Improved Backup Scheduling With Data Deduplication Techniques For Saas In Cloud

The cloud computing is a technology which is used to provide resources as a service. There are many services provided by cloud provider. They are Software-as-a-Service, Platformas-a-Service, Infrastructure-as-a-Service, etc. The cloud computing provides the Storage-as-a-Service which is used to backup the users data into cloud. The Storage-as-a- Service is provided by Storage Service Provider or Cloud Service Provider. This service is provided by Cloud Service Provider which is effective, reliable and cost-effective. The existing backup scheduling provides the reliability by maintaining the same copy of the data twice. The existing backup scheduling provides the reliability and backup speed, but the redundancy of data is not considered. The redundancy of data leads to more storage space consumption for the same file. The existing backup scheduling do not take into consideration the security issues. The limitations of the existing backup scheduling algorithm is improved by proposing a backup scheduling algorithm(IBSD) which aims at reducing redundancy without compromising on availability.

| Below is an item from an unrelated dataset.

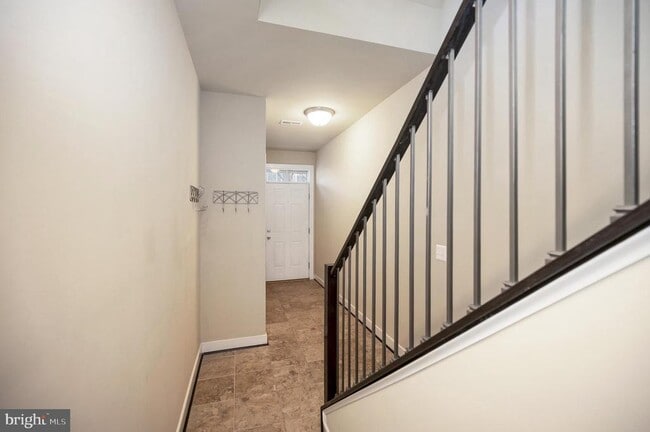 Building Photo - 100 Nestor's Pl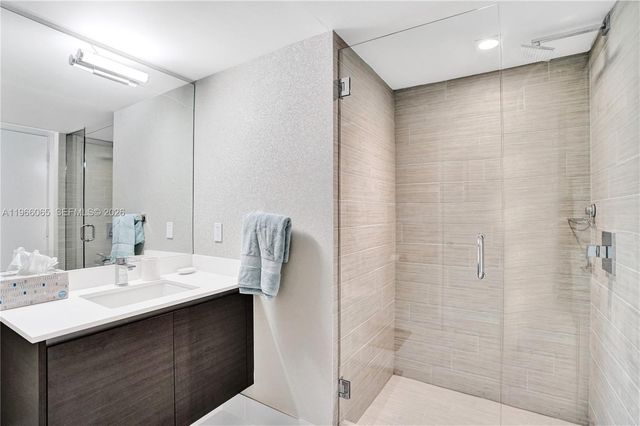 300 Sunny Isles Blvd 4-2104, Sunny Isles Beach, FL 33160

The IBSD algorithm reduces redundancy by deduplication techniques. The deduplication is a technique which is used to identify the duplicate data. The de-duplication identifies the duplicate data and eliminates it, by storing only one copy of the original data. If the duplicate occurs then the link will be added to the existing data. There are many techniques reported in literature for de-duplication which includes Whole File Chunking, Fixed Length Partition, and Content Defined Chunking. The Improved Backup Scheduling with Deduplication (IBSD) provides the backup scheduling with data de-duplication at file level and at chunk level. The IBSD reduces the bandwidth consumption by determining the duplicate data at consumer side itself. The new metric Storage Utilization Ratio (SUR) is proposed.